=== Begin Enclosure ===

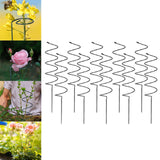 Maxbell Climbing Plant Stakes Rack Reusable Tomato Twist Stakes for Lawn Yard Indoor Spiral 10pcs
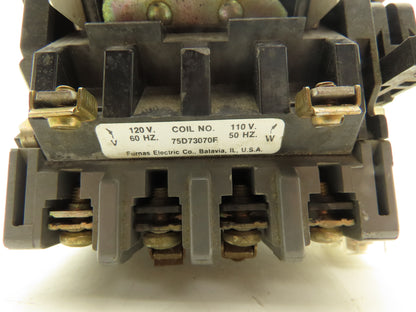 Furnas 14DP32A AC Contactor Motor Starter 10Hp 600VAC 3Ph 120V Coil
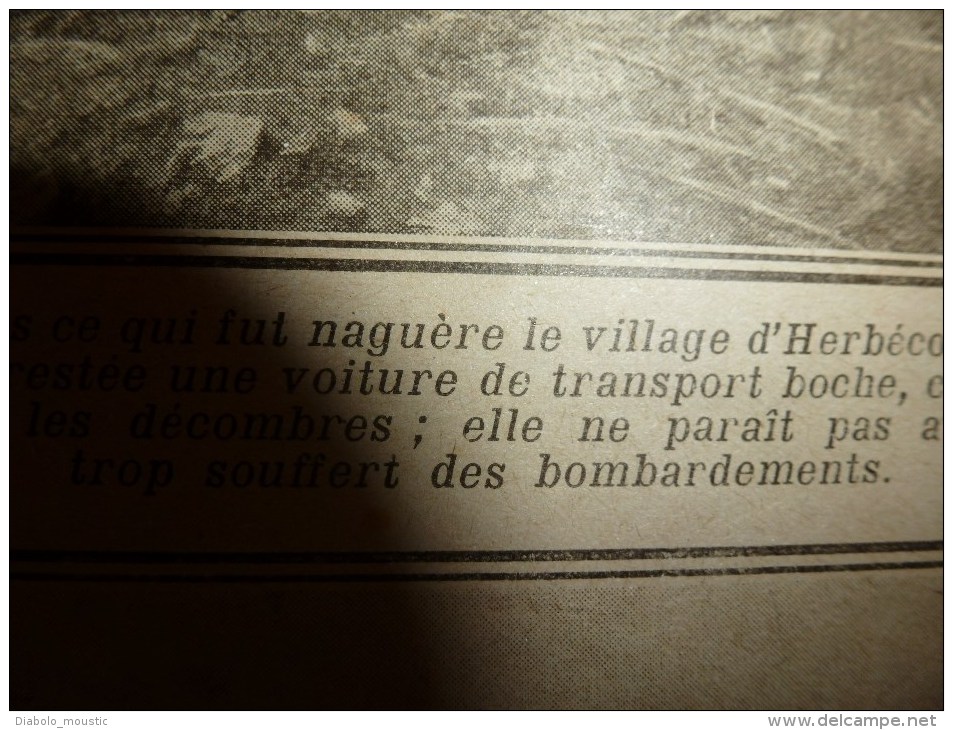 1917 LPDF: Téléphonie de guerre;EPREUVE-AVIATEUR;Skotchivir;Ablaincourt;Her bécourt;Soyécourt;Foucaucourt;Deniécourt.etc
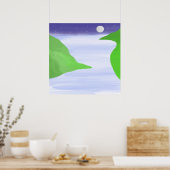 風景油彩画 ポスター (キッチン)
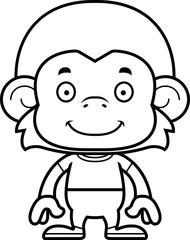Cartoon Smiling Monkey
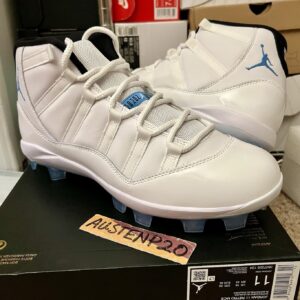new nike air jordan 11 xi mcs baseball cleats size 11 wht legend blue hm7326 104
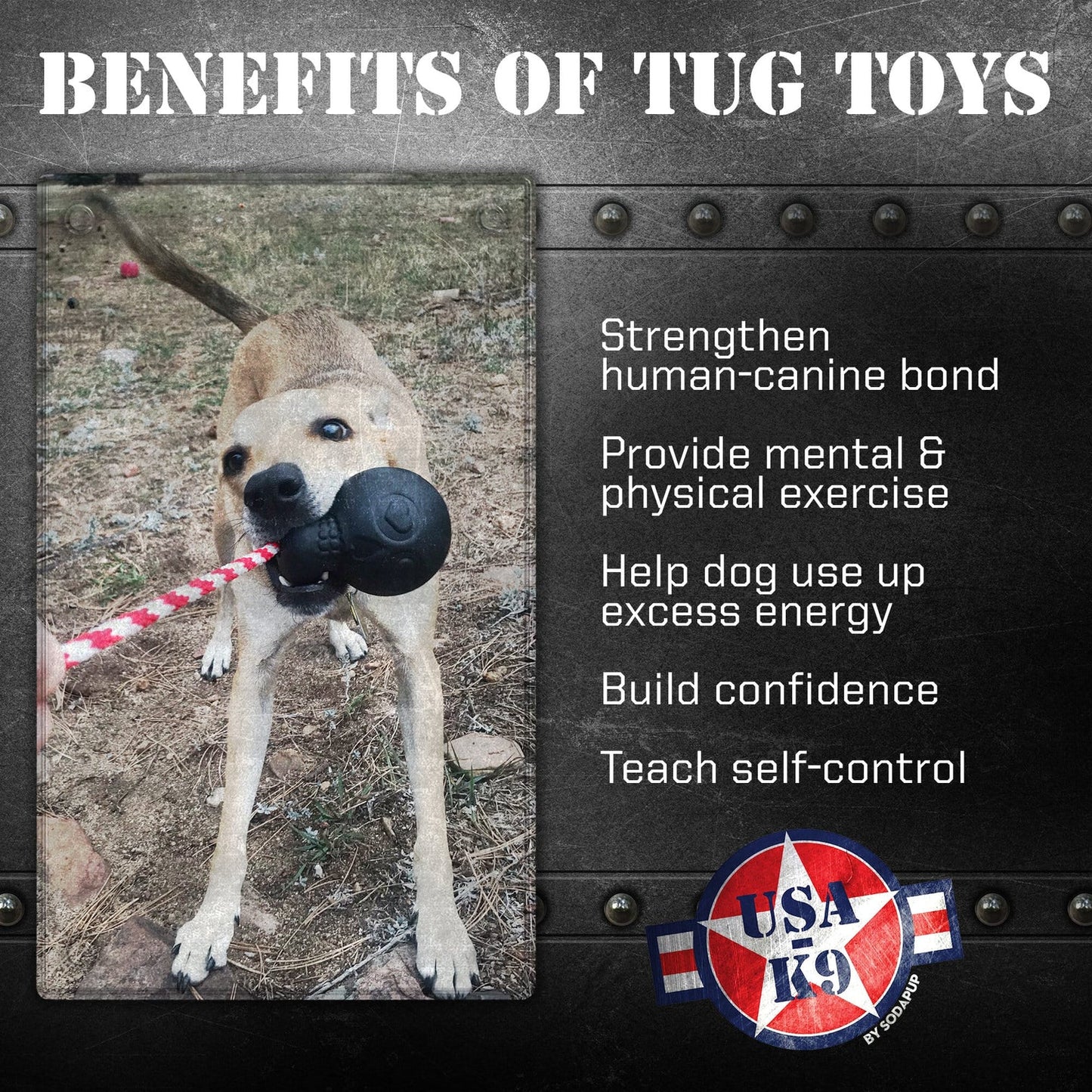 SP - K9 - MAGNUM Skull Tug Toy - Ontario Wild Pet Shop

=== End Enclosure ===

§ **Description of the task**
In the data above, find the line containing "Furnas 14DP32A AC"; from there, please write out each line through the end, exactly, with the pictures omitted.

§ **Result**
 Furnas 14DP32A AC Contactor Motor Starter 10Hp 600VAC 3Ph 120V Coil
 1917 LPDF: Téléphonie de guerre;EPREUVE-AVIATEUR;Skotchivir;Ablaincourt;Her bécourt;Soyécourt;Foucaucourt;Deniécourt.etc
 風景油彩画 ポスター (キッチン)
Cartoon Smiling Monkey
new nike air jordan 11 xi mcs baseball cleats size 11 wht legend blue hm7326 104
 SP - K9 - MAGNUM Skull Tug Toy - Ontario Wild Pet Shop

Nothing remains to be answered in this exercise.